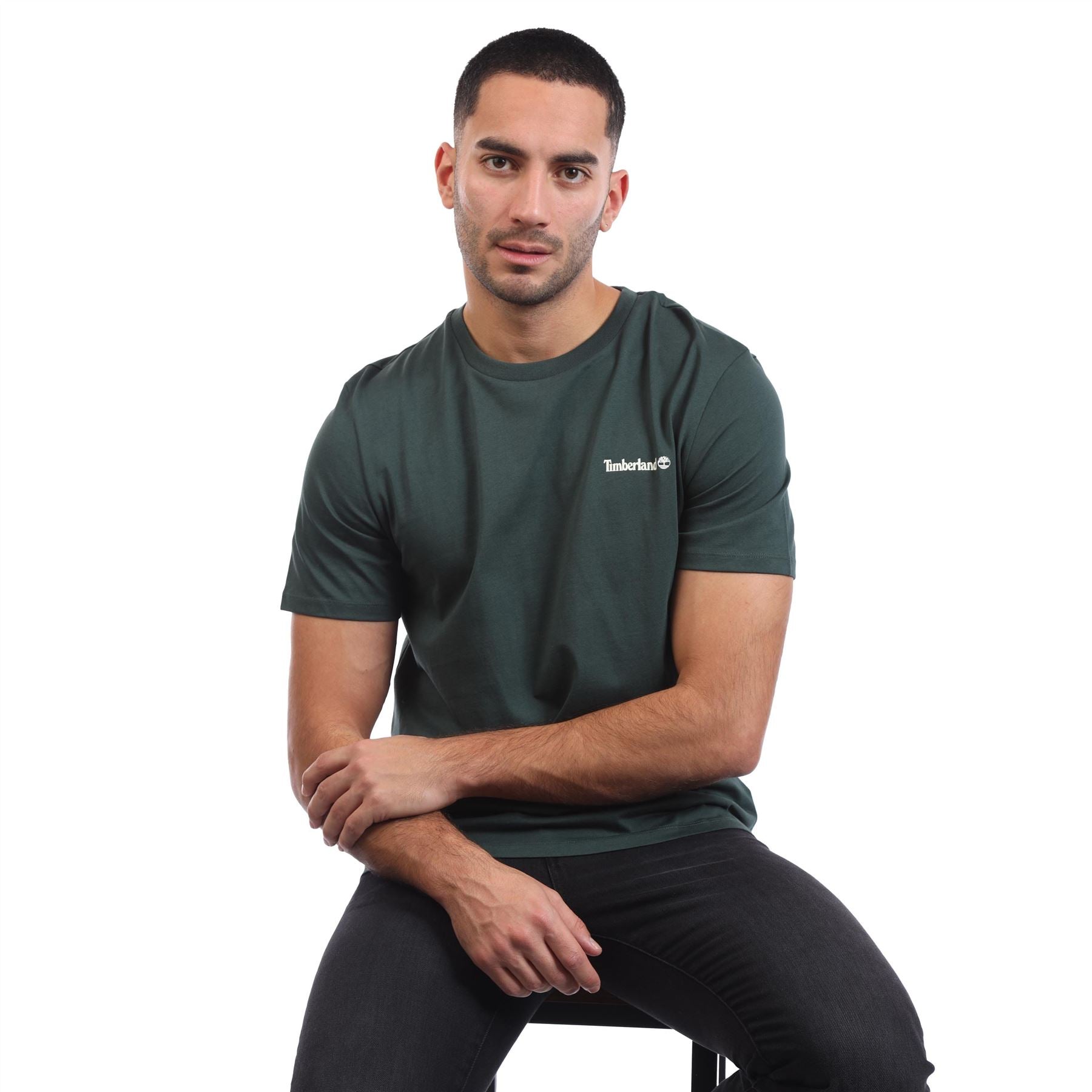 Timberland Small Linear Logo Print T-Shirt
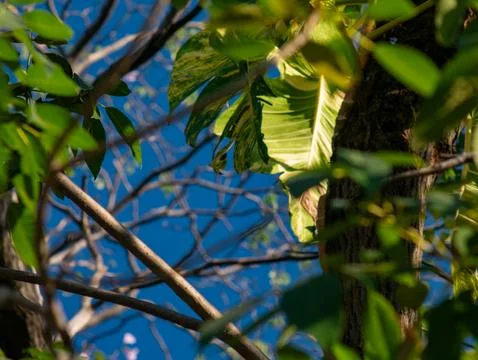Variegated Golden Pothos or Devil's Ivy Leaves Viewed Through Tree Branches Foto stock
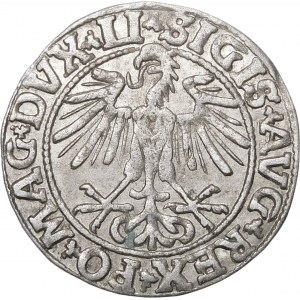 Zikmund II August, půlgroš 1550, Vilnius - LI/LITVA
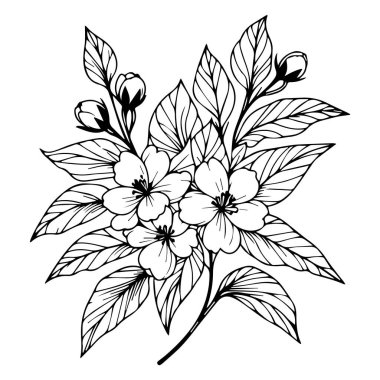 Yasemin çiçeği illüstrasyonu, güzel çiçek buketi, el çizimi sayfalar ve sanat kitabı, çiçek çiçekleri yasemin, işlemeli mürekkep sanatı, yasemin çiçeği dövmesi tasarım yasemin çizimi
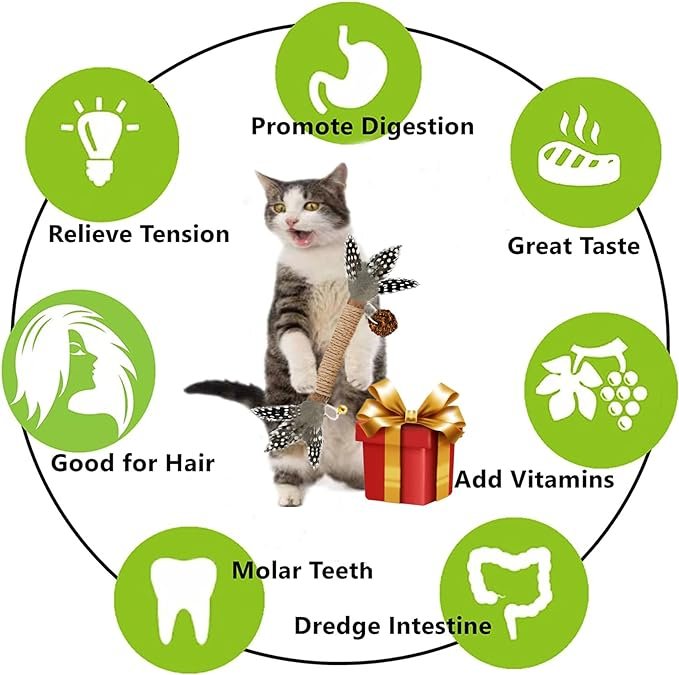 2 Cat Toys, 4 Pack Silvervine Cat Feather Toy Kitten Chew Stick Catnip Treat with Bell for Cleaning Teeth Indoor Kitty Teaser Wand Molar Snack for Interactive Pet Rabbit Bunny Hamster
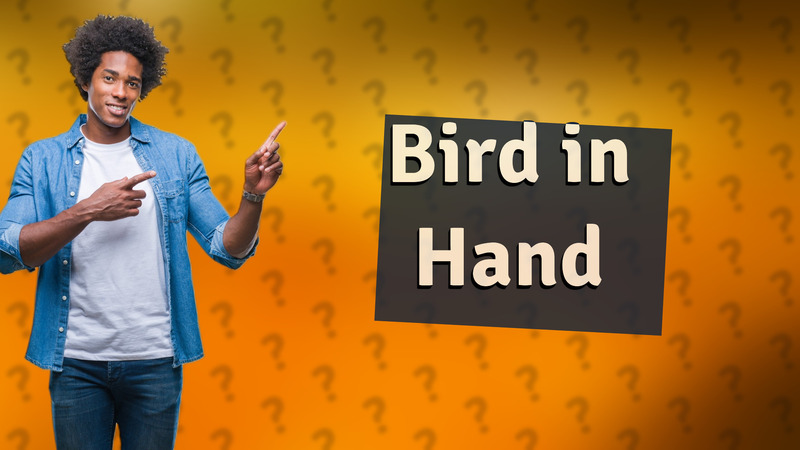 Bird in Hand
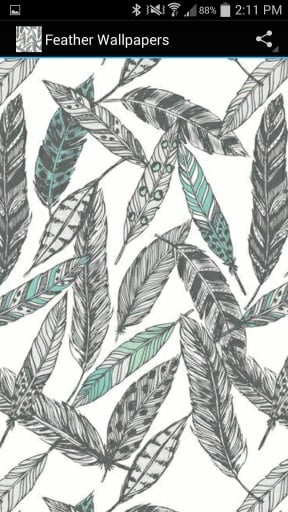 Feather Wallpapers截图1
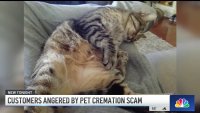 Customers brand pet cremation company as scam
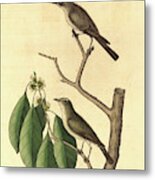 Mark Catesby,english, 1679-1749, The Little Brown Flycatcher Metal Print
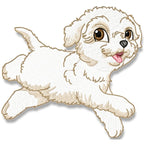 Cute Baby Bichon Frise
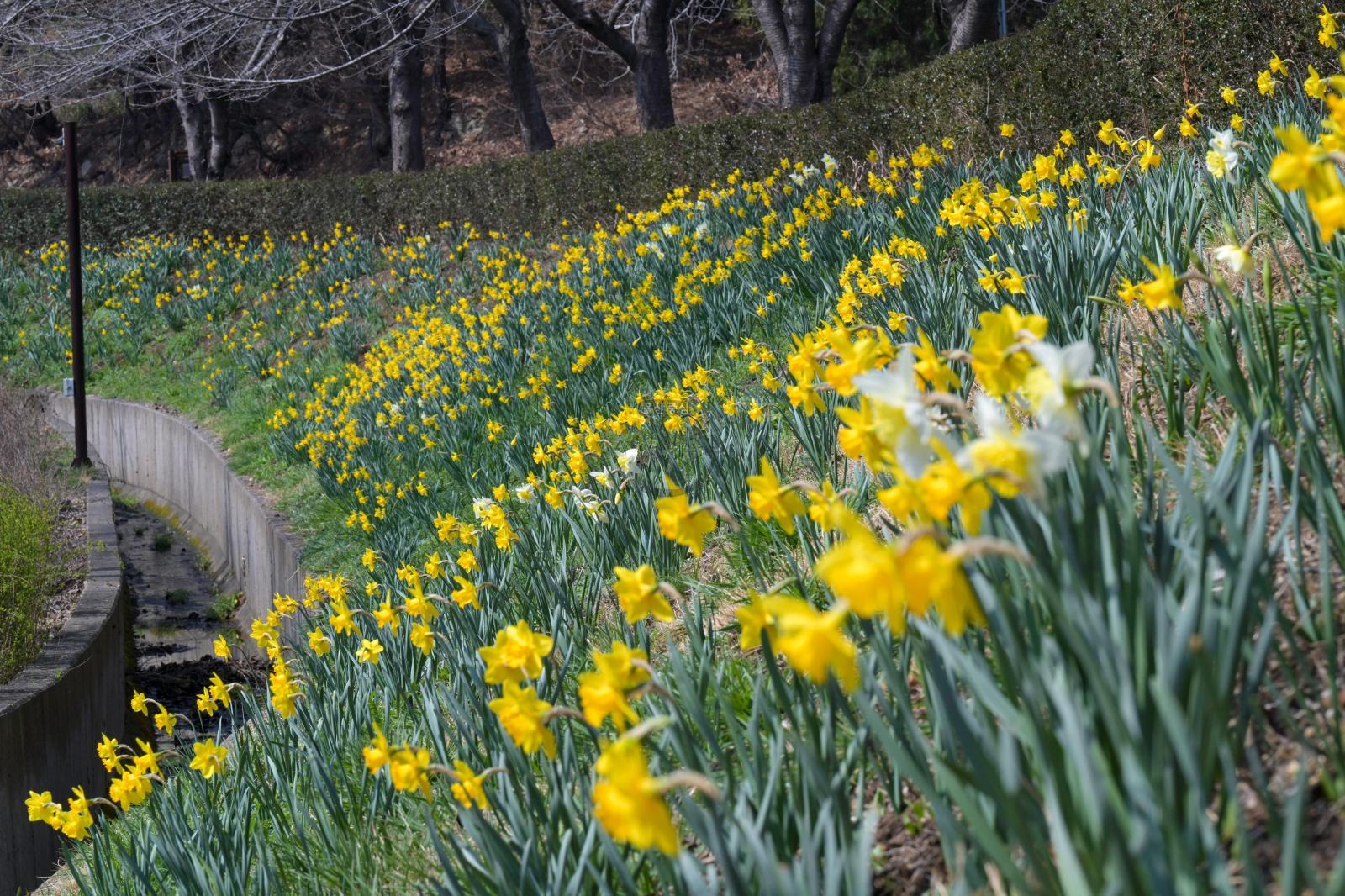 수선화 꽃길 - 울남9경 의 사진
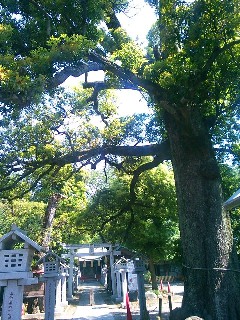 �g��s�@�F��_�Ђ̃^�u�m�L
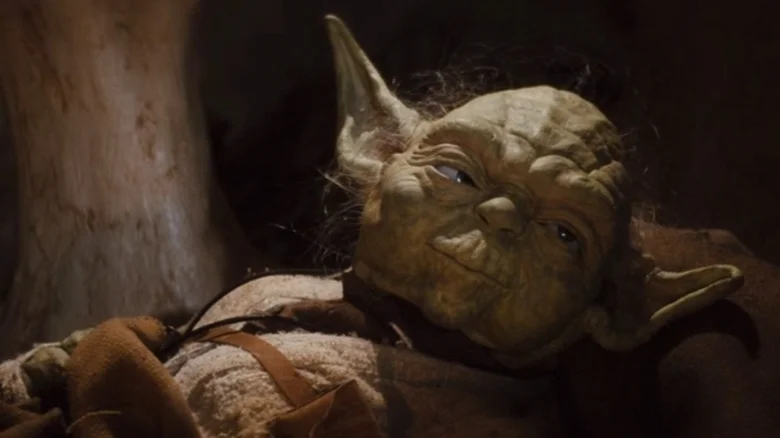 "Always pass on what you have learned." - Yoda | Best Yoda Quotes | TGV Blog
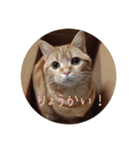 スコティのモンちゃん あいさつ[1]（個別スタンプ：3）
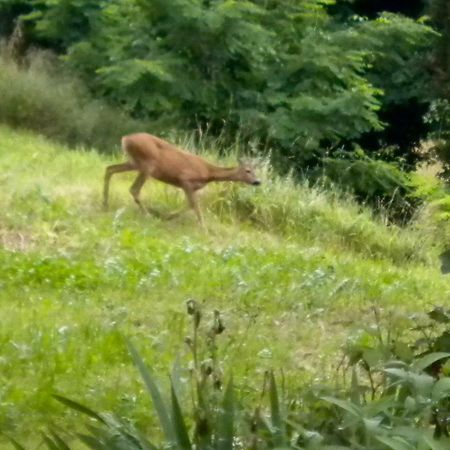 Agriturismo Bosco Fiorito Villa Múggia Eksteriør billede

———

Only the text of the entries belongs in the answer, copied exactly; the pictures stay out.

 Timberland Small Linear Logo Print T-Shirt
Variegated Golden Pothos or Devil's Ivy Leaves Viewed Through Tree Branches Foto stock
 Zikmund II August, půlgroš 1550, Vilnius - LI/LITVA
 Yasemin çiçeği illüstrasyonu, güzel çiçek buketi, el çizimi sayfalar ve sanat kitabı, çiçek çiçekleri yasemin, işlemeli mürekkep sanatı, yasemin çiçeği dövmesi tasarım yasemin çizimi
 2 Cat Toys, 4 Pack Silvervine Cat Feather Toy Kitten Chew Stick Catnip Treat with Bell for Cleaning Teeth Indoor Kitty Teaser Wand Molar Snack for Interactive Pet Rabbit Bunny Hamster
 Bird in Hand
 Feather Wallpapers截图1
 Customers brand pet cremation company as scam
 Mark Catesby,english, 1679-1749, The Little Brown Flycatcher Metal Print
 Cute Baby Bichon Frise
 수선화 꽃길 - 울남9경 의 사진
 �g��s�@�F��_�Ђ̃^�u�m�L
 "Always pass on what you have learned." - Yoda | Best Yoda Quotes | TGV Blog
 スコティのモンちゃん あいさつ[1]（個別スタンプ：3）
 Agriturismo Bosco Fiorito Villa Múggia Eksteriør billede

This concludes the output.